▸ **What to work on**:
Check every line of the listing below for "Dodge", and report how many lines have it, as a number with nothing more.
┌─ Material to process
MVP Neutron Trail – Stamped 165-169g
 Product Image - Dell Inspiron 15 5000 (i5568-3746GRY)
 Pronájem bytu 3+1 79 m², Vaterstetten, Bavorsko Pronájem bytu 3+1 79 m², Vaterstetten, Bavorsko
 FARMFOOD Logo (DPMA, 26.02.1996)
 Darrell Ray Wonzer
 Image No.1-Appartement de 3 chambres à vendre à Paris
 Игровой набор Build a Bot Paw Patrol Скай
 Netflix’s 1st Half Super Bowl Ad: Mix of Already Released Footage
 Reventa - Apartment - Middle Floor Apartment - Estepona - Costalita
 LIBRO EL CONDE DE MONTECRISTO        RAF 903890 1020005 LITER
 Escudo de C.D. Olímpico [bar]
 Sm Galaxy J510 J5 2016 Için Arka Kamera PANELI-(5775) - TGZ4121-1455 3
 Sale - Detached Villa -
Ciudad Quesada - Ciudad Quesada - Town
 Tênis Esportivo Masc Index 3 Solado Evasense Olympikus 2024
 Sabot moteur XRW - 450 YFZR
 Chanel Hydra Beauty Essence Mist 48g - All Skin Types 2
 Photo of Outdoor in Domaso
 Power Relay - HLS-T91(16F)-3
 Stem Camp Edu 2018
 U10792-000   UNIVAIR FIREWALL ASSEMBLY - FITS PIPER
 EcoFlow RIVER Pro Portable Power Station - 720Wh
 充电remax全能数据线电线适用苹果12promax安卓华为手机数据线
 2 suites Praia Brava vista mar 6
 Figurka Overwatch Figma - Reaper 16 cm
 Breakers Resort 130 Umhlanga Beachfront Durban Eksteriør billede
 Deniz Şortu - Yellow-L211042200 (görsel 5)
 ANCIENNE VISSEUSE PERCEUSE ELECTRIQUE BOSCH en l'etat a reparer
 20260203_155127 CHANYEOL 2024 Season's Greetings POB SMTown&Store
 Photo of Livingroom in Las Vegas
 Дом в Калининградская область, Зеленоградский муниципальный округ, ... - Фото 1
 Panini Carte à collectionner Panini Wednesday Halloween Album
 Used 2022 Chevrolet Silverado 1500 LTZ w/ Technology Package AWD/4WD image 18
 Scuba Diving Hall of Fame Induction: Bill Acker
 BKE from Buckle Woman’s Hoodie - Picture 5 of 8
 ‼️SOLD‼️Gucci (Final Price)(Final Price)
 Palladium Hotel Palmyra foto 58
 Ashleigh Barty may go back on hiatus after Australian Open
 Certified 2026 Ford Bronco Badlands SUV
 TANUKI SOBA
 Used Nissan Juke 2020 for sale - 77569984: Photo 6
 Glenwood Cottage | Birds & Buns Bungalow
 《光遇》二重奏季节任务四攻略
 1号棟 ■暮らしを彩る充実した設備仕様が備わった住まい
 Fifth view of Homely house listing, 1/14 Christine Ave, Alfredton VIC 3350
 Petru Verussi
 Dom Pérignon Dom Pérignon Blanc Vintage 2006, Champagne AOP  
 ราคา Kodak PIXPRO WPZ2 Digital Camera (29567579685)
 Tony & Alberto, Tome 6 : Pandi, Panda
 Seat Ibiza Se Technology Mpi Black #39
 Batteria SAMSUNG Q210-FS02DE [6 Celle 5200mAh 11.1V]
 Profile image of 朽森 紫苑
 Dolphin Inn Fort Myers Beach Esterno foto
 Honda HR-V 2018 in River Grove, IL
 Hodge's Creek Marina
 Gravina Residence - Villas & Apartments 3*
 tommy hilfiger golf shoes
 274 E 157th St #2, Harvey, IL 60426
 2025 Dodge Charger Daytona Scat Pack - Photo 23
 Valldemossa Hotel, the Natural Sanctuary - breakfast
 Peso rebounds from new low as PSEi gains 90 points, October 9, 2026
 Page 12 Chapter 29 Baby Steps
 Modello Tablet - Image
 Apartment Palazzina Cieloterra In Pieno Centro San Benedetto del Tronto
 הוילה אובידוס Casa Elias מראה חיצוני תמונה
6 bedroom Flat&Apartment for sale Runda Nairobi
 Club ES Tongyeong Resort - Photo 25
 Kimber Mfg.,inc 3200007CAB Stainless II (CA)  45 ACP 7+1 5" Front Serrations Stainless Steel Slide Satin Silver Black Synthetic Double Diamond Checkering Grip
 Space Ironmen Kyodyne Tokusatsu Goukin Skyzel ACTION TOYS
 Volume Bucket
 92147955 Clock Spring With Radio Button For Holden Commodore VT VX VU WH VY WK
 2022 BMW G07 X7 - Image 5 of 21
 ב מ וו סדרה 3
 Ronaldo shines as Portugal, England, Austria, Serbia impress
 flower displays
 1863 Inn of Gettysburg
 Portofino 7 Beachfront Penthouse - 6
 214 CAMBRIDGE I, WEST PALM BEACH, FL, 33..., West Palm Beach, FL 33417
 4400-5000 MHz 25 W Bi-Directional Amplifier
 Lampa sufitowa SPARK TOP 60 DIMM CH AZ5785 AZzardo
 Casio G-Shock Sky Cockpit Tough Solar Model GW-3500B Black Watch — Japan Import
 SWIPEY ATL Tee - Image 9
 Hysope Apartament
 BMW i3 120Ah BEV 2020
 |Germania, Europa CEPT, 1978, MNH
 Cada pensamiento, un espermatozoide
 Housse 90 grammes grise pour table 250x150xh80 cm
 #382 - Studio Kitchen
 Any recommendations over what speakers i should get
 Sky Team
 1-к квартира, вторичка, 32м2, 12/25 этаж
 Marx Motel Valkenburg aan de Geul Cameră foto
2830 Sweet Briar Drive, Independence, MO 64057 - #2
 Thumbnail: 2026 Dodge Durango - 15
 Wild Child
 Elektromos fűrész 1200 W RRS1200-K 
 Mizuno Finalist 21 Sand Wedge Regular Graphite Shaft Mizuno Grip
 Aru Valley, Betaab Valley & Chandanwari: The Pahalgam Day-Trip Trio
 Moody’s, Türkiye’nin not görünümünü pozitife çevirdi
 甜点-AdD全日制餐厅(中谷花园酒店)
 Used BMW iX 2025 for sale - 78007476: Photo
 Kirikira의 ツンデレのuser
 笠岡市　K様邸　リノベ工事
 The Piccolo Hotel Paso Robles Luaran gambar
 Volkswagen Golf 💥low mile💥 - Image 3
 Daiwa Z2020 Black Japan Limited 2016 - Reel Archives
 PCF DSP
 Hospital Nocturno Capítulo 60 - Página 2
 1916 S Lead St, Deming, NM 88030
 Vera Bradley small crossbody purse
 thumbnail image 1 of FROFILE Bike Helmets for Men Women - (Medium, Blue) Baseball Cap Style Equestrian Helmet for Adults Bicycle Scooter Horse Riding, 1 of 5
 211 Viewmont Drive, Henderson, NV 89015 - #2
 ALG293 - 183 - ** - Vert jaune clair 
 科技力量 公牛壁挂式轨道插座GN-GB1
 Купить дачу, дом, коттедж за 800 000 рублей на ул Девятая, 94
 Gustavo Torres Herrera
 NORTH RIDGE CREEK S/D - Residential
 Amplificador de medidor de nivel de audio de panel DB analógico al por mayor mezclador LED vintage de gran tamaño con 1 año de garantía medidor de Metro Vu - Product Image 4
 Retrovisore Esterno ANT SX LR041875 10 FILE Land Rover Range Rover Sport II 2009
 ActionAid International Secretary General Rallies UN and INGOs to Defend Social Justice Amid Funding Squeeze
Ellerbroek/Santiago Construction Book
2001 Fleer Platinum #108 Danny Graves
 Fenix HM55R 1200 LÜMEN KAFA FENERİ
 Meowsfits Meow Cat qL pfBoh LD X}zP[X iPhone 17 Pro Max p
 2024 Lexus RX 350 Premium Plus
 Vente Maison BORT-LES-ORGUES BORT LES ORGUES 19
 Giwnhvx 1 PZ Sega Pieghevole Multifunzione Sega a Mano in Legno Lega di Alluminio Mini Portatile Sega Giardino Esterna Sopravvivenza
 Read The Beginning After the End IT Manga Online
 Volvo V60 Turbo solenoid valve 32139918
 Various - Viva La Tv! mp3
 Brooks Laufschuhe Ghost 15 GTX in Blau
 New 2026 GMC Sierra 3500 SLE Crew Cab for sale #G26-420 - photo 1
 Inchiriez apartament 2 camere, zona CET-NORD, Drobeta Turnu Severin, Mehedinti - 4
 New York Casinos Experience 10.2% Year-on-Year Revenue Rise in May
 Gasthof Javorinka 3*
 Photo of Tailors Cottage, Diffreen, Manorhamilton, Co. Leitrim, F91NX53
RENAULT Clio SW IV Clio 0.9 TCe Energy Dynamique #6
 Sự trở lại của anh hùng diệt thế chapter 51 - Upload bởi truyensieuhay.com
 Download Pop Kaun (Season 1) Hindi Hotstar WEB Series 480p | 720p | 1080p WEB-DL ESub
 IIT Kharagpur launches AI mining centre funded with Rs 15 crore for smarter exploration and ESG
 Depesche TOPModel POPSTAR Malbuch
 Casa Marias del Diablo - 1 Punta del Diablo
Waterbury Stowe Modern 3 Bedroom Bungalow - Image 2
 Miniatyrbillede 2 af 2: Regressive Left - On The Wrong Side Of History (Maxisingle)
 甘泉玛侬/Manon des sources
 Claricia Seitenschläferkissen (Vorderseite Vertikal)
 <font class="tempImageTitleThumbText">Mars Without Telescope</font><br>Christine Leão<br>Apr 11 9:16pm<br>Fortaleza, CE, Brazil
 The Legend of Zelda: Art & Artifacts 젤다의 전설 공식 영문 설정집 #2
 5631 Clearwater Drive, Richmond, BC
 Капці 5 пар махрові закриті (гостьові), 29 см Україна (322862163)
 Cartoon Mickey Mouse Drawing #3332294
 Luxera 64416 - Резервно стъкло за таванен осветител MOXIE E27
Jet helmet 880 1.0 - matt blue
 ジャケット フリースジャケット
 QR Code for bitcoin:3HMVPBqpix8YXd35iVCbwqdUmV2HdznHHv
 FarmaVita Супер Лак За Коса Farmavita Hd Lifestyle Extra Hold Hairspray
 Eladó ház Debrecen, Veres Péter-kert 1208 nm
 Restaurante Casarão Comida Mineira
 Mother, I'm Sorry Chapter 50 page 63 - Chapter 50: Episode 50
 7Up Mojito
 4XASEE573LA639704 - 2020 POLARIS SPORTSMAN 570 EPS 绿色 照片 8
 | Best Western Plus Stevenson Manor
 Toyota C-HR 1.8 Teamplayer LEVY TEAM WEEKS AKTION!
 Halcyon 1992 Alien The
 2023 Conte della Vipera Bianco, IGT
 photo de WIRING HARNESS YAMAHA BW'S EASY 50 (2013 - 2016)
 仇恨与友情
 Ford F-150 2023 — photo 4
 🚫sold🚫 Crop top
└─
▸ **Answer to the exercise**:
2